While the Republican race is competitive, Michigan residents had been exposed to far more broadcast television advertising on the Democratic side through March 1, according to tracking data from Kantar Media’s CMAG.
Sanders had run 3,178 spots in markets covering the state, compared to 2,663 for Clinton. On the Republican side, Kasich and Cruz were the only two candidates to run broadcast television spots, and at levels much lower than the Democrats, data show.
Clinton enjoys a lead of more than 20 percentage points in an average of recent polls by RealClearPolitics, even as Sanders has tried to link her to manufacturing jobs lost to trade deals that she supported. The Vermont senator doesn’t seem to be getting any traction, said Susan Demas, publisher of Inside Michigan Politics, a newsletter in Lansing.
“You would think that it would be a fertile issue in Michigan,” Demas said. “But it seems that Democrats are willing to give Clinton a pass on it.”

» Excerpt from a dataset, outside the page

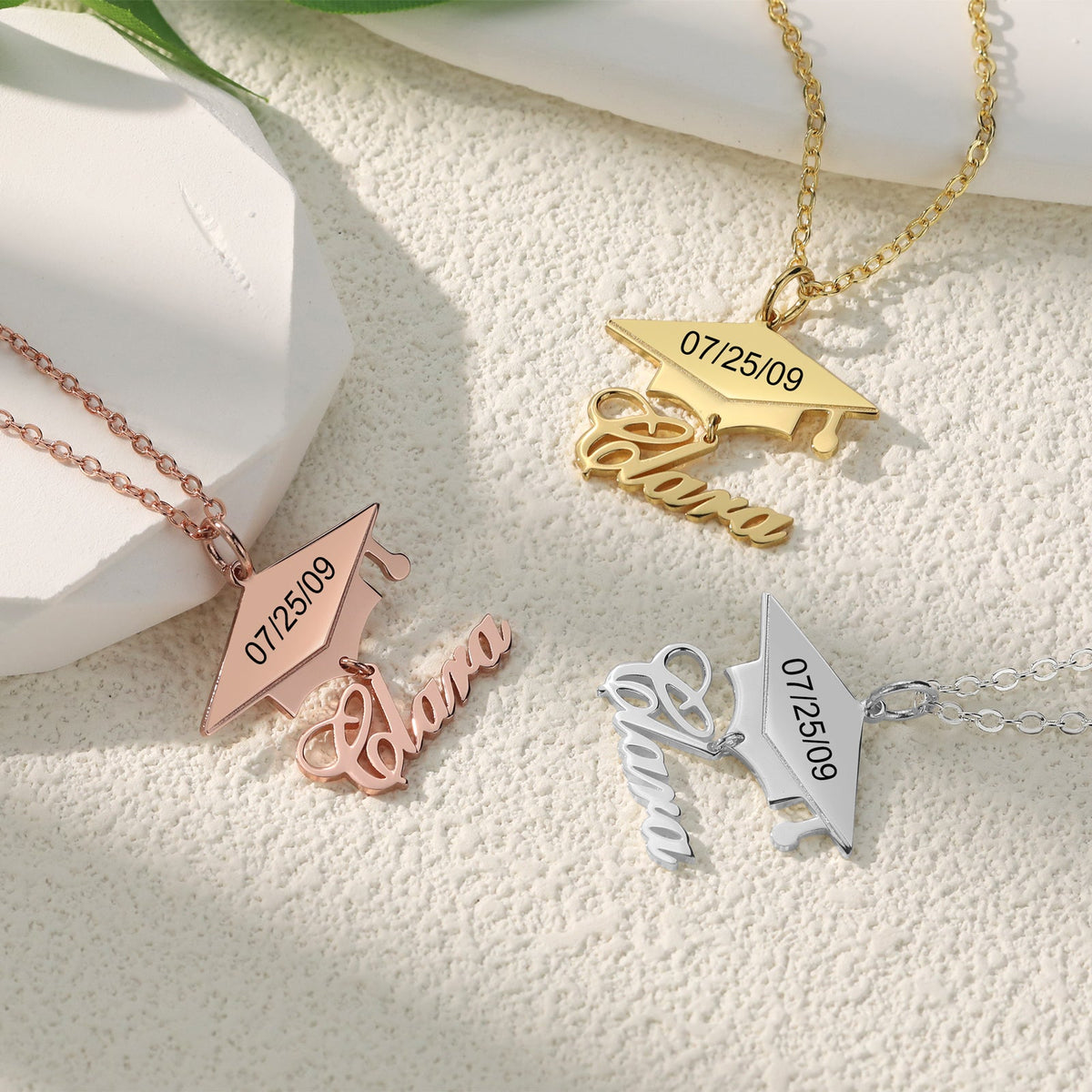 Custom Name Necklace with Graduation Hat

Clinton also appears to be connecting with black voters in Michigan the way she did in previous contests in the South. Demas said polling after the Iowa caucuses showed the former secretary was winning 82 percent of blacks in the state.

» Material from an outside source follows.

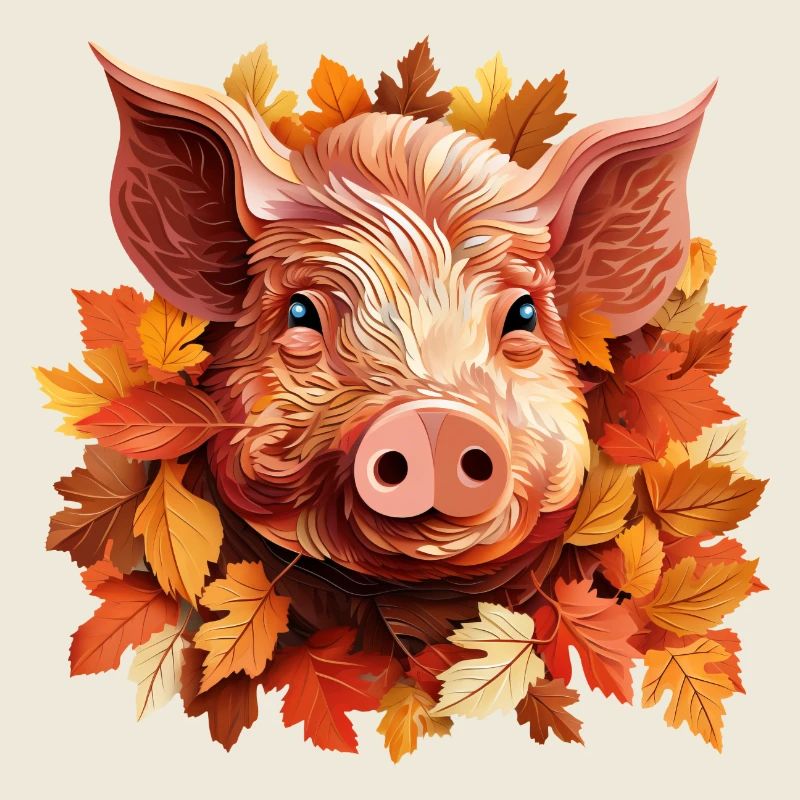 Visage de cochon dans les feuilles d’automne colorées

Clinton aggressively went after Sanders in a televised debate in Flint on Sunday for opposing the $700 billion bank bailout in the 2008 financial crisis, saying it had cleared the way for the $82 billion auto industry bailout key to Michigan workers.
According to an Associated Press tally, Clinton has a delegate lead over Sanders of 1,130 to 499, including superdelegates, elected officials and party leaders who are free to change their allegiances. It takes 2,383 delegates to clinch the Democratic nomination.